**WHAT TO DO**
Write out the stretch of lines below that begins at the line with "Tie Me Up Rose" and ends at the line with "Vista 5 de Kit", including both, exactly as given and nothing more.
Segment Start: GIVEN RECORDS
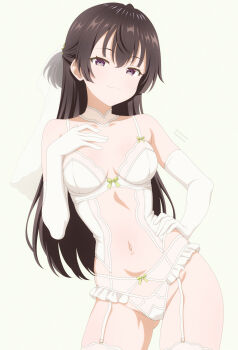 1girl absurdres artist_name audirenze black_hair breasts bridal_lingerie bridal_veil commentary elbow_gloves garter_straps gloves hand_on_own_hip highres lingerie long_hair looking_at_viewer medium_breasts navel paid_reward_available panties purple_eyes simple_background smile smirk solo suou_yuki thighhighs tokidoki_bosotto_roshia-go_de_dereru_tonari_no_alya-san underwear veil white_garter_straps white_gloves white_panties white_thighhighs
Segment End: GIVEN RECORDS
Segment Start: GIVEN RECORDS
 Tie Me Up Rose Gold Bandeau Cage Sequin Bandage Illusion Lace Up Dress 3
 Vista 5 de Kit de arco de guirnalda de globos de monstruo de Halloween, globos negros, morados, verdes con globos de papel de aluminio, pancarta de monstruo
Segment End: GIVEN RECORDS
**ANSWER FOR THE TASK**
 Tie Me Up Rose Gold Bandeau Cage Sequin Bandage Illusion Lace Up Dress 3
 Vista 5 de Kit de arco de guirnalda de globos de monstruo de Halloween, globos negros, morados, verdes con globos de papel de aluminio, pancarta de monstruo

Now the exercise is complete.